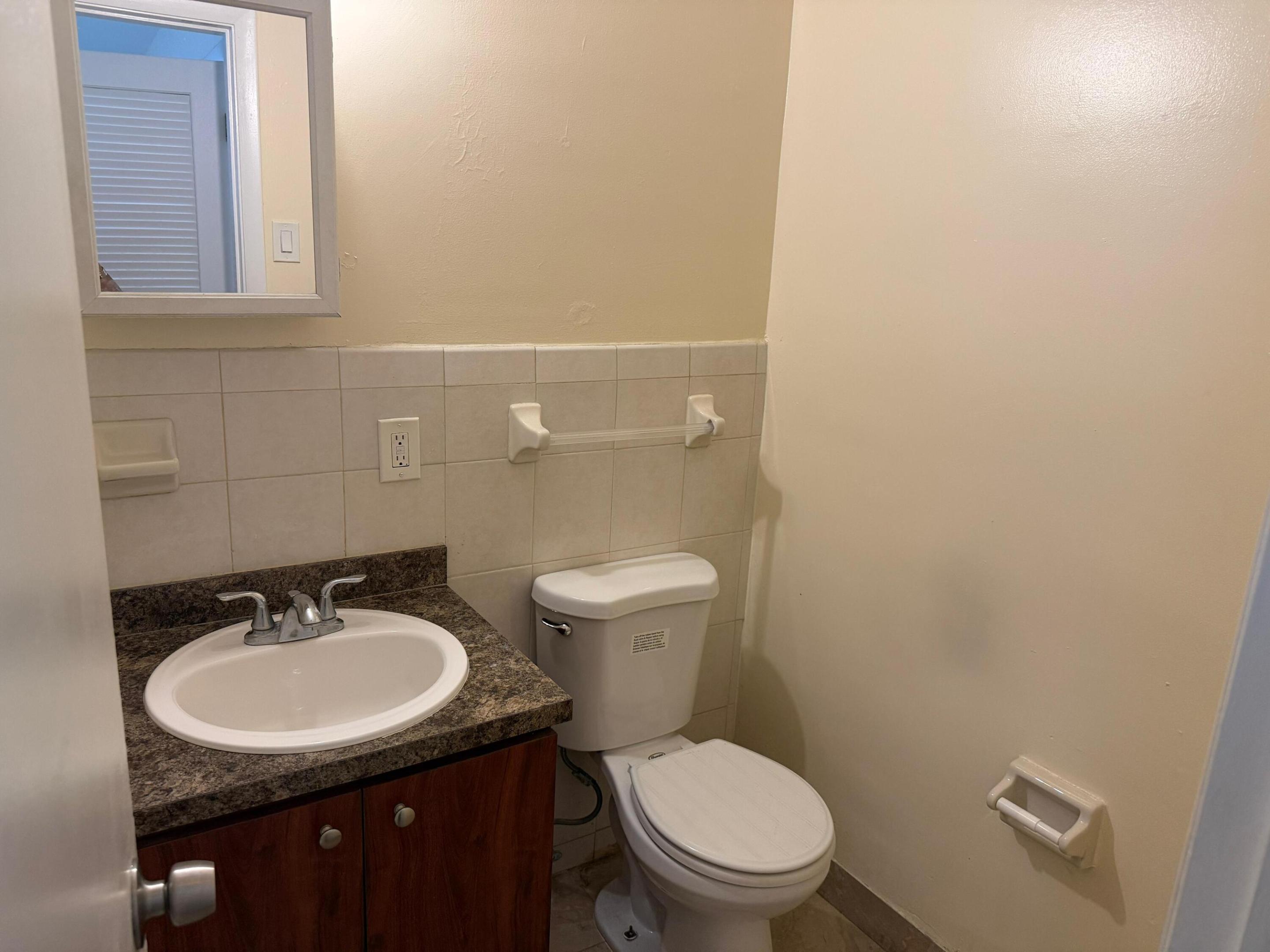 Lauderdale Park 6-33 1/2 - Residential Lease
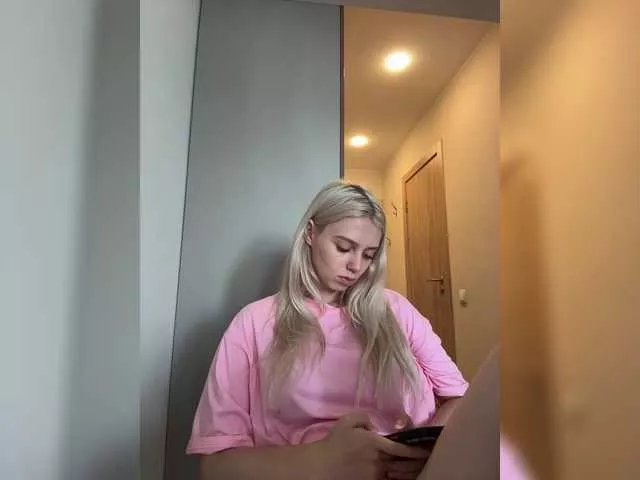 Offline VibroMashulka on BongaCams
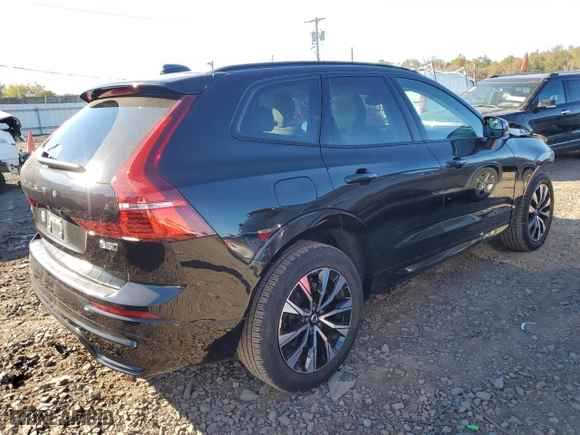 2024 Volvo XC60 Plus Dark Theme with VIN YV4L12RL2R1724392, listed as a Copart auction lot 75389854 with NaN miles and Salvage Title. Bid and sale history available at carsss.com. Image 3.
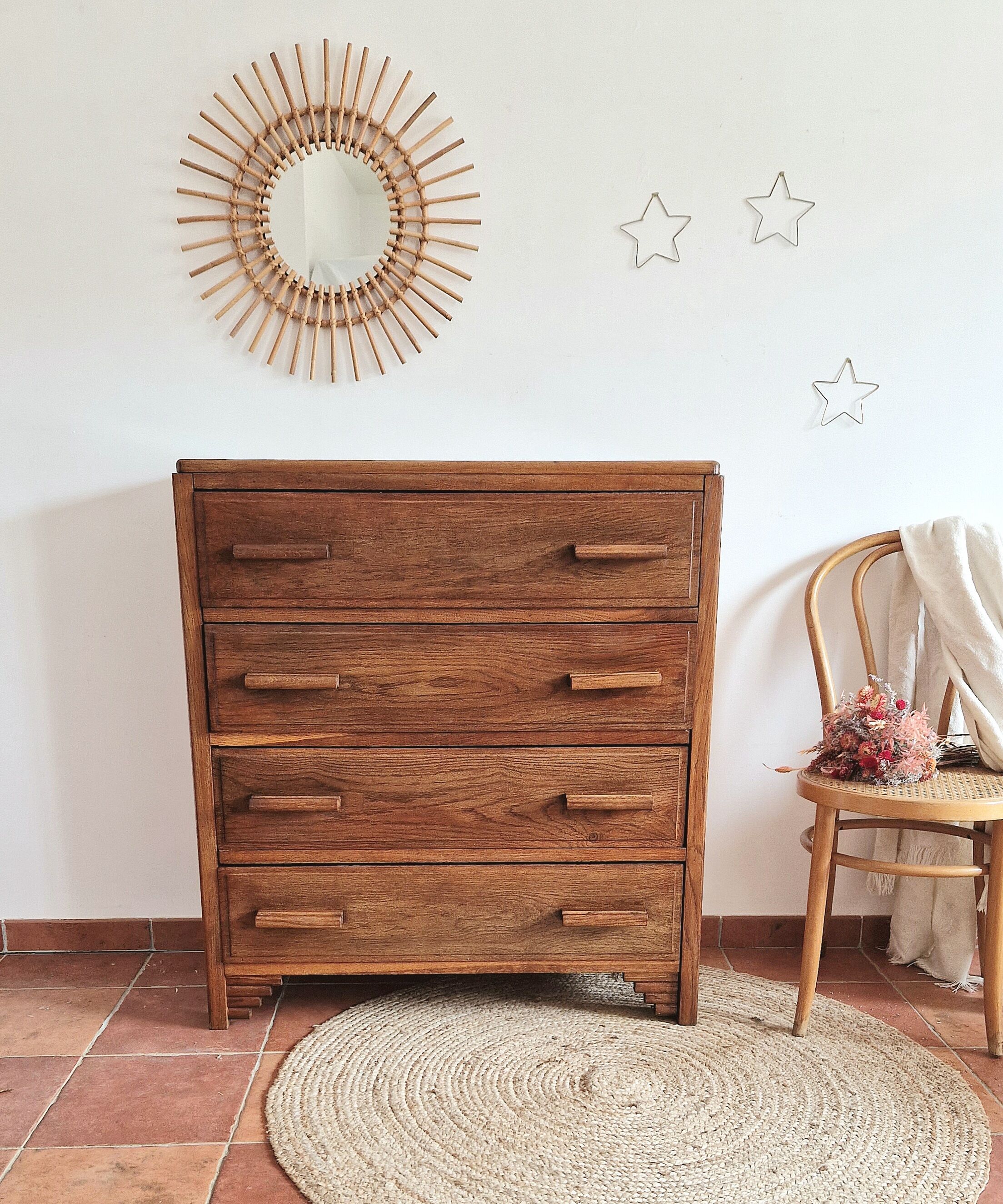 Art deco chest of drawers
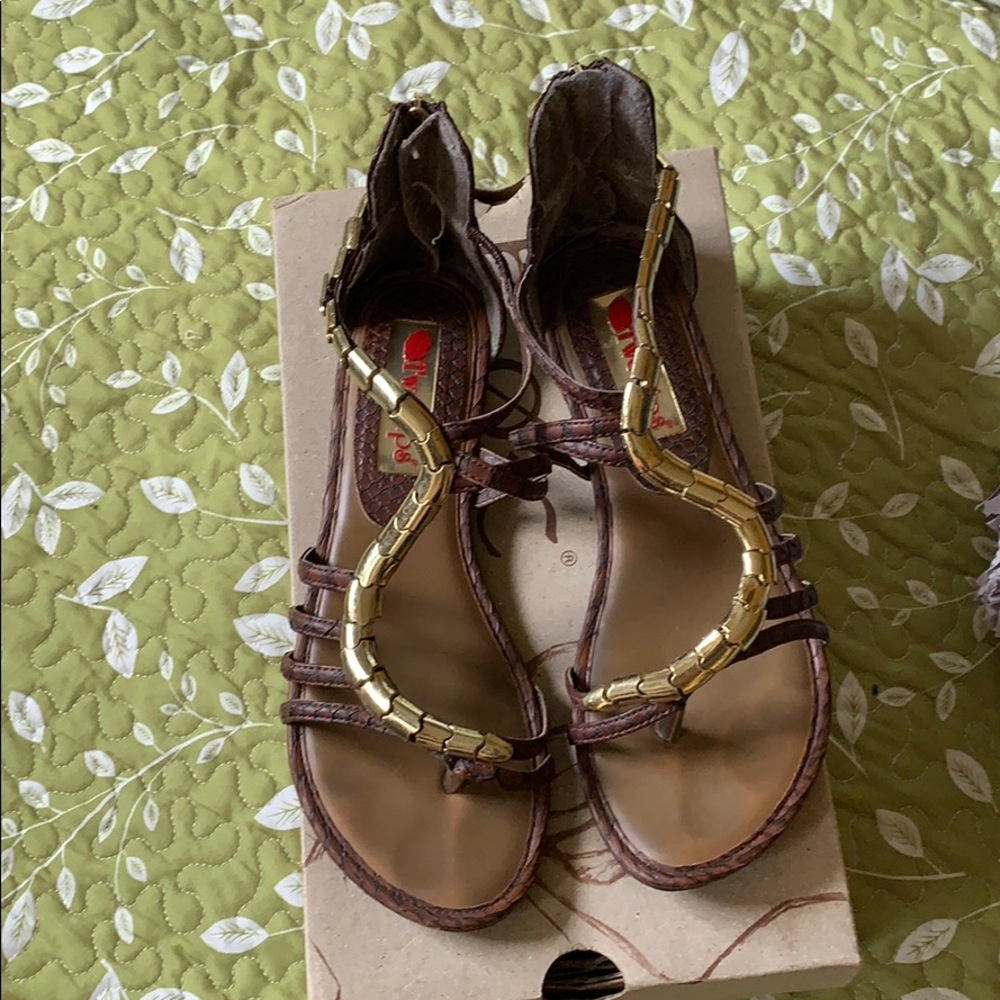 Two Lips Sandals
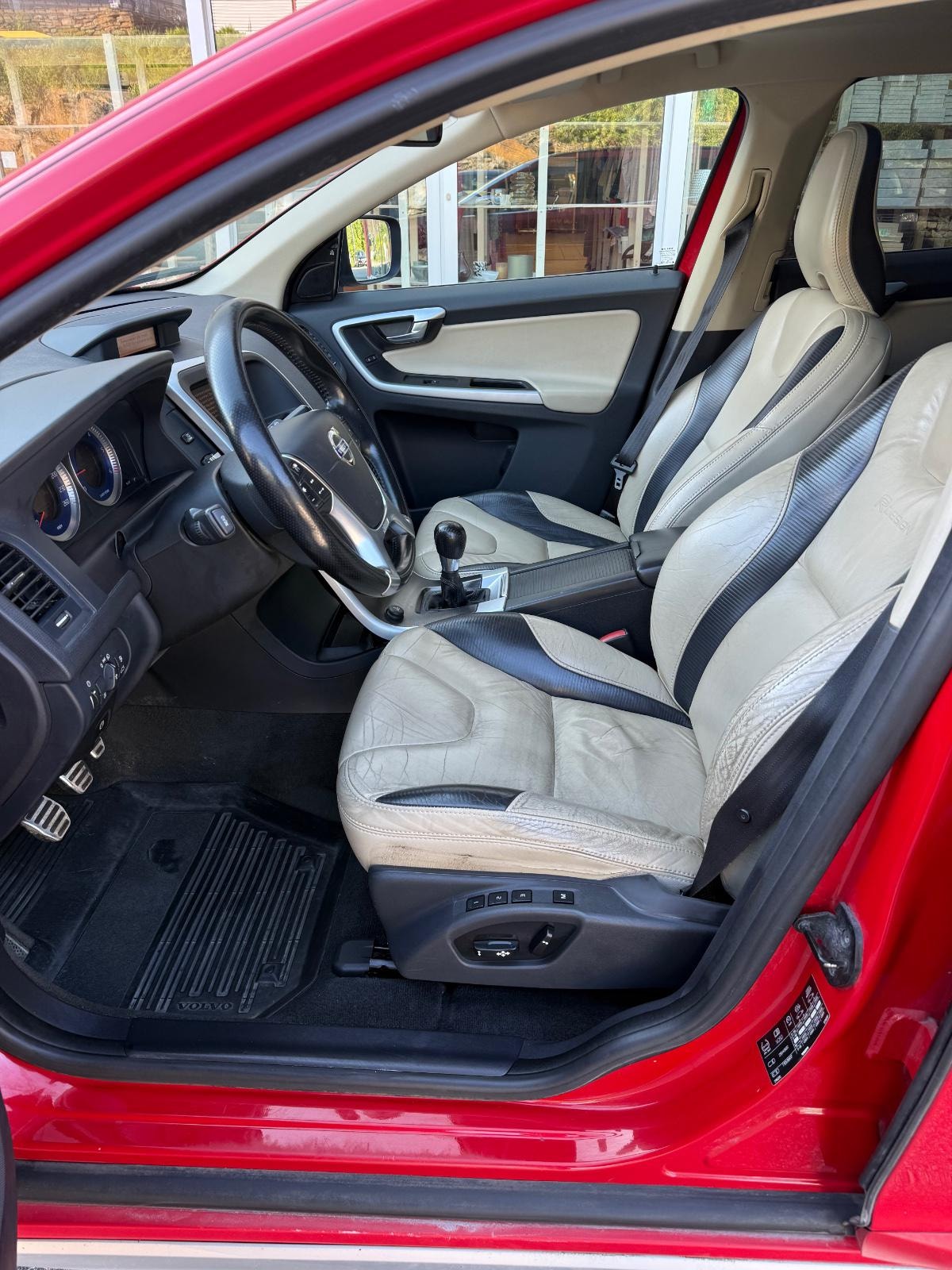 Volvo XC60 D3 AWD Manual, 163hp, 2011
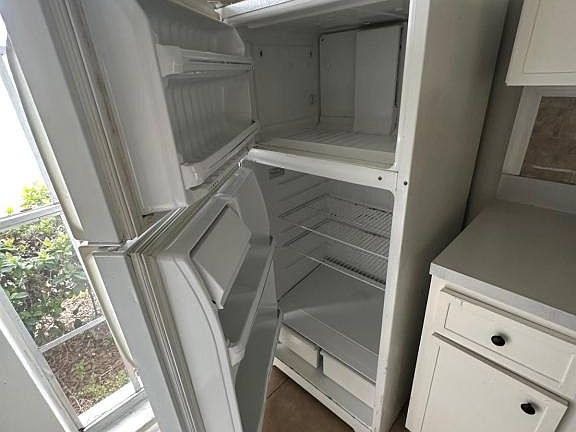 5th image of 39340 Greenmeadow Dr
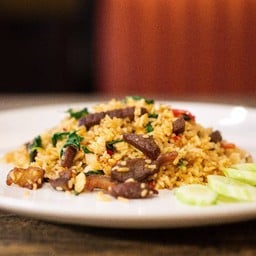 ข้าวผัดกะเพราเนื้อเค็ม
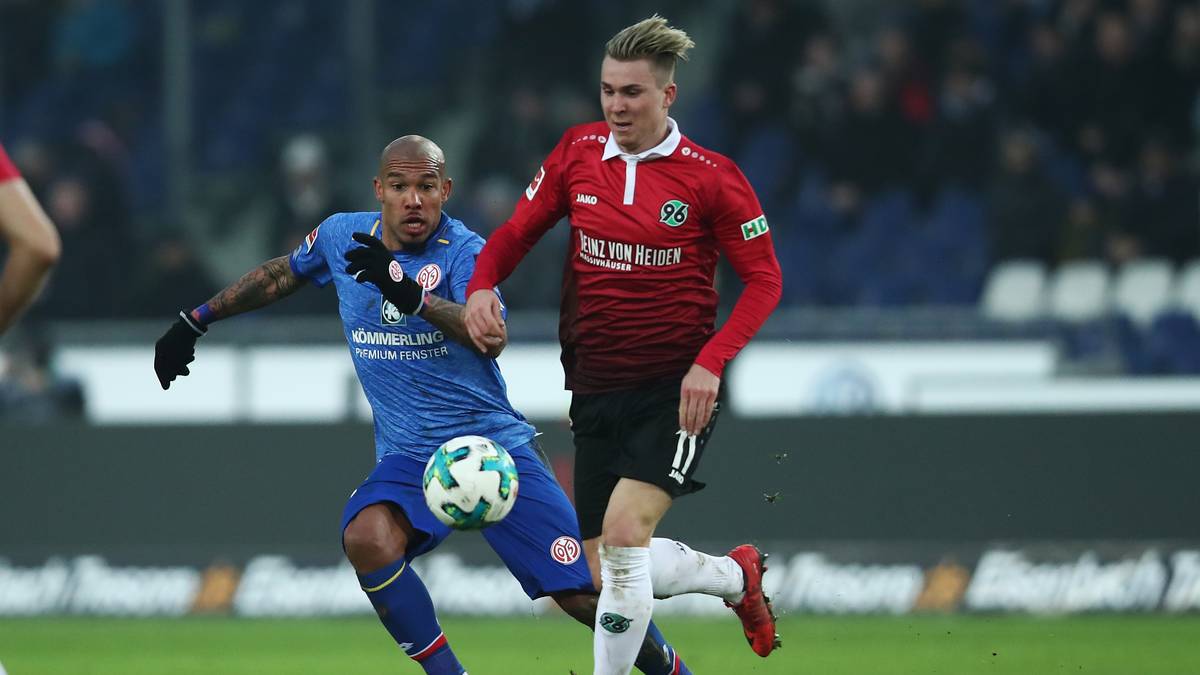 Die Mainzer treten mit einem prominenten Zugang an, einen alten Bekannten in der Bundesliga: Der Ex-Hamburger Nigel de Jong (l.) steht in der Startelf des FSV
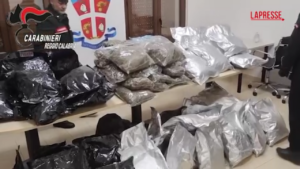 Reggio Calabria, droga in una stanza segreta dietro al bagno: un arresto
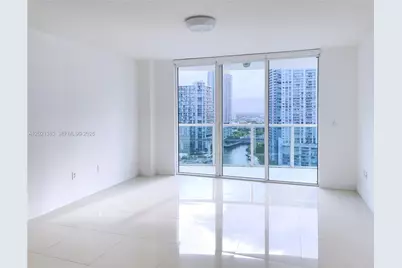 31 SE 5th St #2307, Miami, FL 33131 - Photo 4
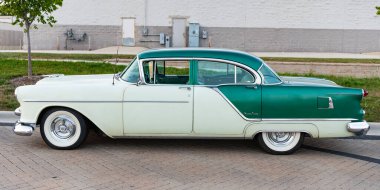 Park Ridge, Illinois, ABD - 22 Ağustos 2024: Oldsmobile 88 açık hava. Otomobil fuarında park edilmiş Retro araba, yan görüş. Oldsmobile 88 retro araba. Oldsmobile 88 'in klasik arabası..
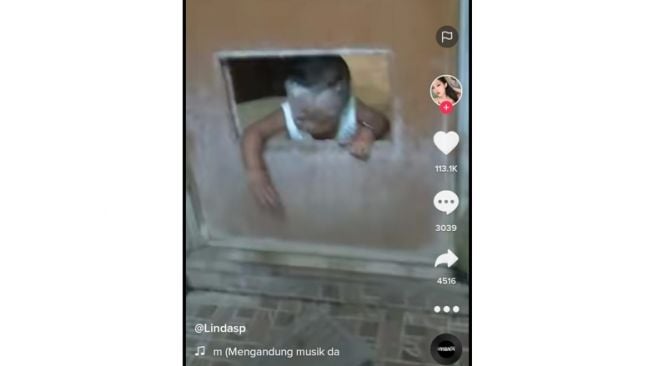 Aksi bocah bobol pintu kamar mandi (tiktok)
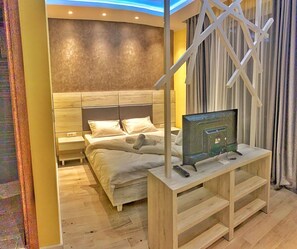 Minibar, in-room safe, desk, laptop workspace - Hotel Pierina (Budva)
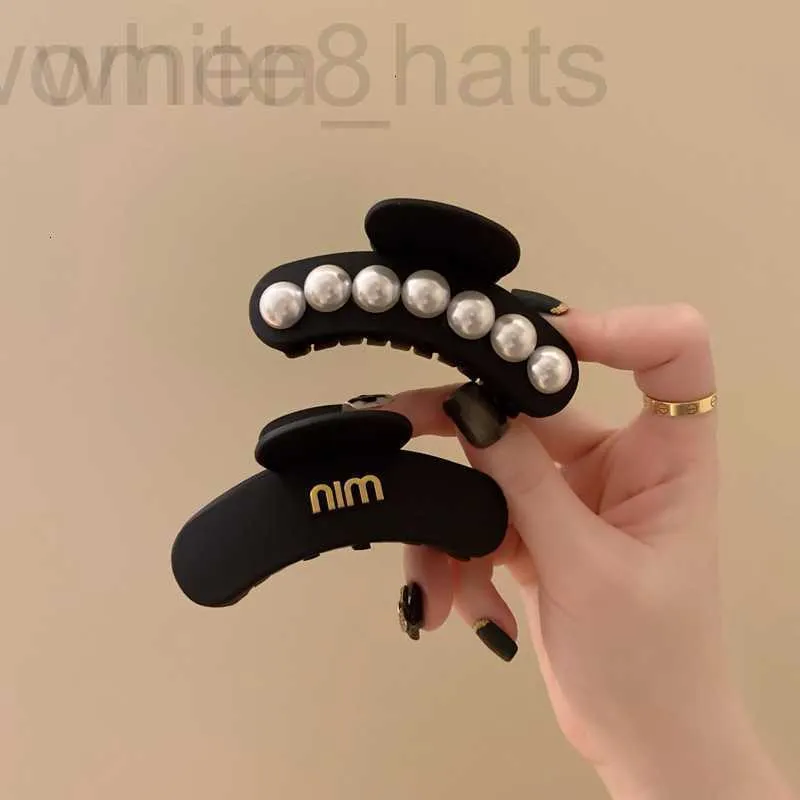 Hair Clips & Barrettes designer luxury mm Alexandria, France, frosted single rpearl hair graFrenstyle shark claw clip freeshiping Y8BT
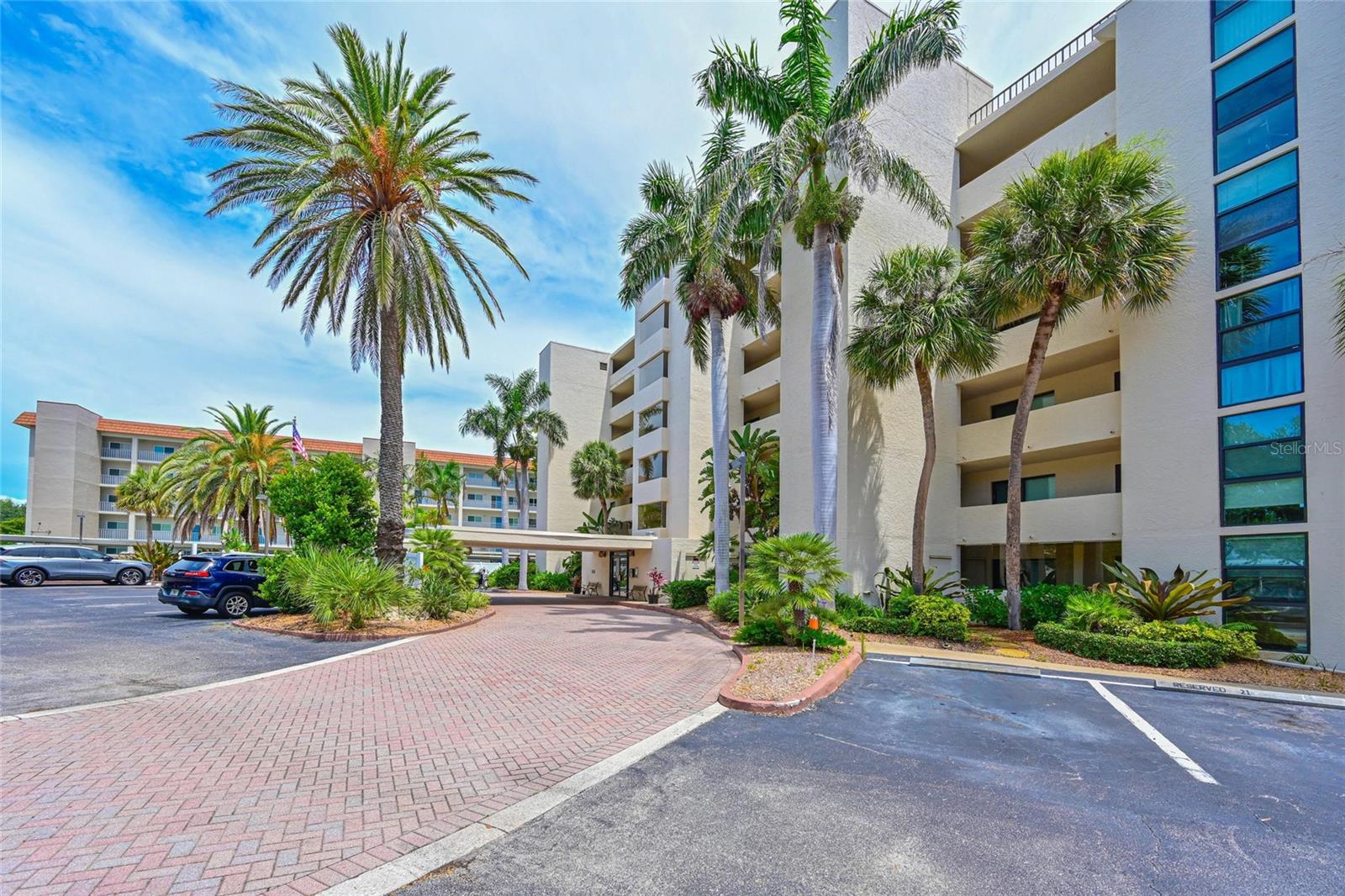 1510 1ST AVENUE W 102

□ □ □ □

Problem requirements: Print the whole listing exactly. No pictures belong in the copy.

Written answer:
 Lauderdale Park 6-33 1/2 - Residential Lease
 Offline VibroMashulka on BongaCams
 2024 Volvo XC60 Plus Dark Theme with VIN YV4L12RL2R1724392, listed as a Copart auction lot 75389854 with NaN miles and Salvage Title. Bid and sale history available at carsss.com. Image 3.
 Art deco chest of drawers
 Two Lips Sandals
 Volvo XC60 D3 AWD Manual, 163hp, 2011
 5th image of 39340 Greenmeadow Dr
 ข้าวผัดกะเพราเนื้อเค็ม
 Die Mainzer treten mit einem prominenten Zugang an, einen alten Bekannten in der Bundesliga: Der Ex-Hamburger Nigel de Jong (l.) steht in der Startelf des FSV
 Reggio Calabria, droga in una stanza segreta dietro al bagno: un arresto
 31 SE 5th St #2307, Miami, FL 33131 - Photo 4
 Park Ridge, Illinois, ABD - 22 Ağustos 2024: Oldsmobile 88 açık hava. Otomobil fuarında park edilmiş Retro araba, yan görüş. Oldsmobile 88 retro araba. Oldsmobile 88 'in klasik arabası..
 Aksi bocah bobol pintu kamar mandi (tiktok)
 Minibar, in-room safe, desk, laptop workspace - Hotel Pierina (Budva)
 Hair Clips & Barrettes designer luxury mm Alexandria, France, frosted single rpearl hair graFrenstyle shark claw clip freeshiping Y8BT
 1510 1ST AVENUE W 102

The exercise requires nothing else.